DMLs focus on the big picture, drive others toward the ultimate business goal, embody the benefits of change, and provide clear, consistent direction. Chaos reigns if an organization does not fill this indispensable role, overestimates a leader’s abilities, or underestimates the challenges associated with the modernization effort.
First, the organization will lack alignment. Users, project contributors, functional leaders, and vendors will be on different pages and moving in competing directions.
Second, people rarely welcome change. Users will fight to maintain the status quo or derail the necessary changes when a leader does not account for this. Adoption suffers as a result.
Third, the organization may lose sight of the desired business outcome. Instead of improving business outcomes, the project becomes a futile exercise of micromanaging minutiae and checking boxes. This tediousness impedes individual work, demotivates people, and causes everyone to lose sight of the end goal.

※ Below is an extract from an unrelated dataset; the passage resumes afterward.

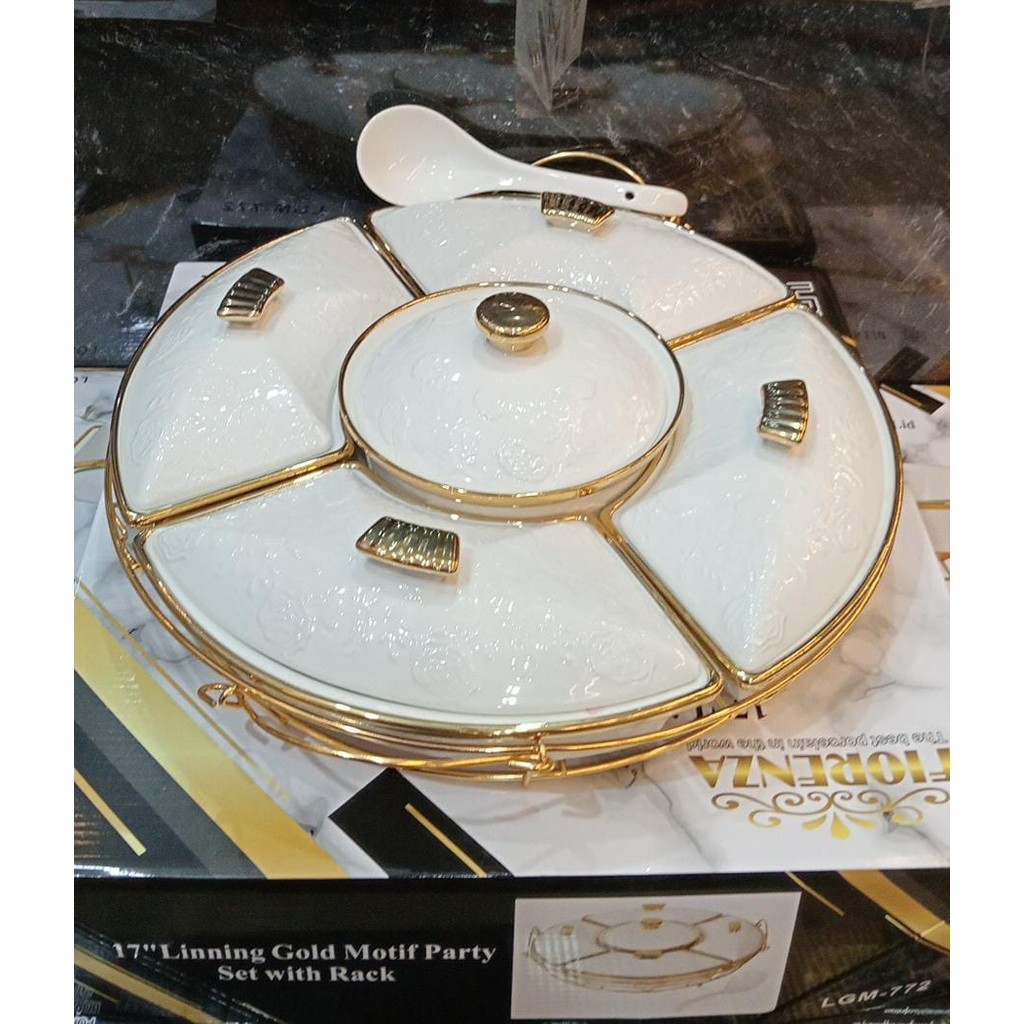 Prasmanan keramik Fiorenza 17" LGM-772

Ultimately, the project fails to meet intended objectives, and the organization squanders critical time and resources.
Governance
If Leadership provides the energy and direction for change, Governance provides the structure and oversight necessary to align digital initiatives with the broader business strategy. Digital modernization is not a generic, one-size-fits-all project management process. It requires a deep understanding of emerging technologies and evolving best practices. It demands a tailored approach considering an organization's unique needs, existing infrastructure, and long-term goals. Governance ensures everyone understands the roles and responsibilities required for a successful digital modernization, funds each role appropriately, and fills those roles with proven resources.
Governance aligns digital investments and organizational goals, mitigates risks, and allocates resources efficiently. Well-defined governance frameworks establish clear goals, roles, responsibilities, and decision-making processes. A robust governance framework will drive employee and stakeholder engagement, prompt decision-making, and a continued focus on outcomes instead of tasks. Poor Governance leads to increased costs, wasted time, and a less successful modernization.
Accountability
Finally, Accountability is the linchpin that holds the entire process together. Every stakeholder, from leadership to frontline employees to software vendors to consultants, must be accountable for their roles in the modernization journey. Each person must be able to support the initiative's overall goal.

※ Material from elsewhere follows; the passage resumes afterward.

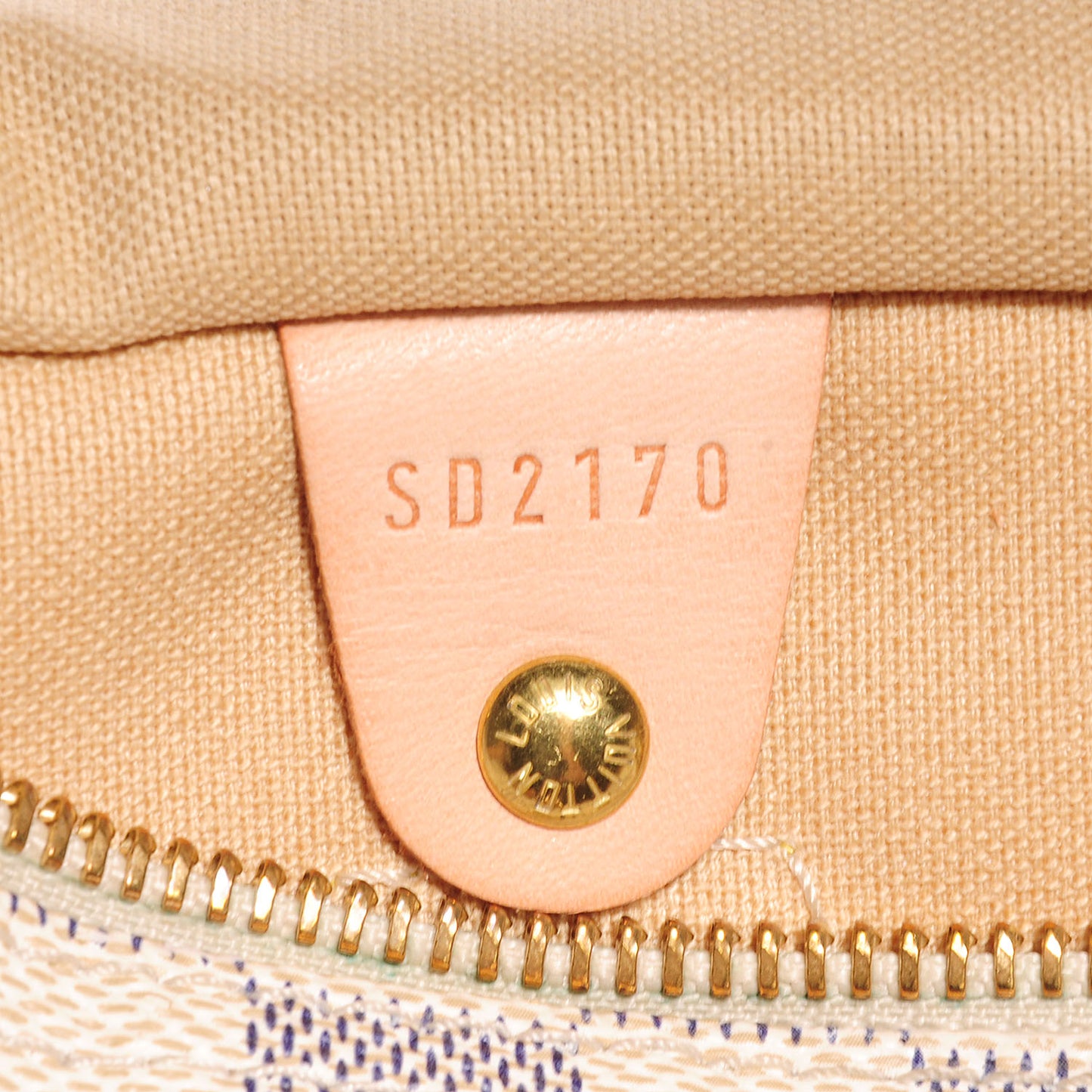 Damier Azur Speedy 25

Even with the right team and methodology, projects can stall without strict execution, discipline, and accountability. The DM leader must have the ability and authority to hold all players accountable. This is typically where a third party has an advantage over an internal employee. A third party in a digital modernization leadership role has the authority, battle hardiness, and soft skills required to have difficult discussions with all stakeholders (from senior leadership to employees to vendors) that organizational norms make more challenging for an internal leader. The bottom line is that no matter how good the planning and governance are, no DM initiative can be successful if all parties are not held accountable for their performance.
Digital modernization is a complex and multifaceted responsibility. It involves collaboration across diverse levels, departments, and vendors. Who is the right “leader”? There isn't a one-size-fits-all answer. While the DM Executive Sponsor holds ultimate accountability for the DM initiative, choosing the right day-to-day results-based DML is mission-critical. The right DML needs to have the time, capability, and experience required to drive the day-to-day performance of the initiative. Without this crucial role, digital modernization will fail. Combining a solid methodology with experienced people positions the organization for a successful digital modernization.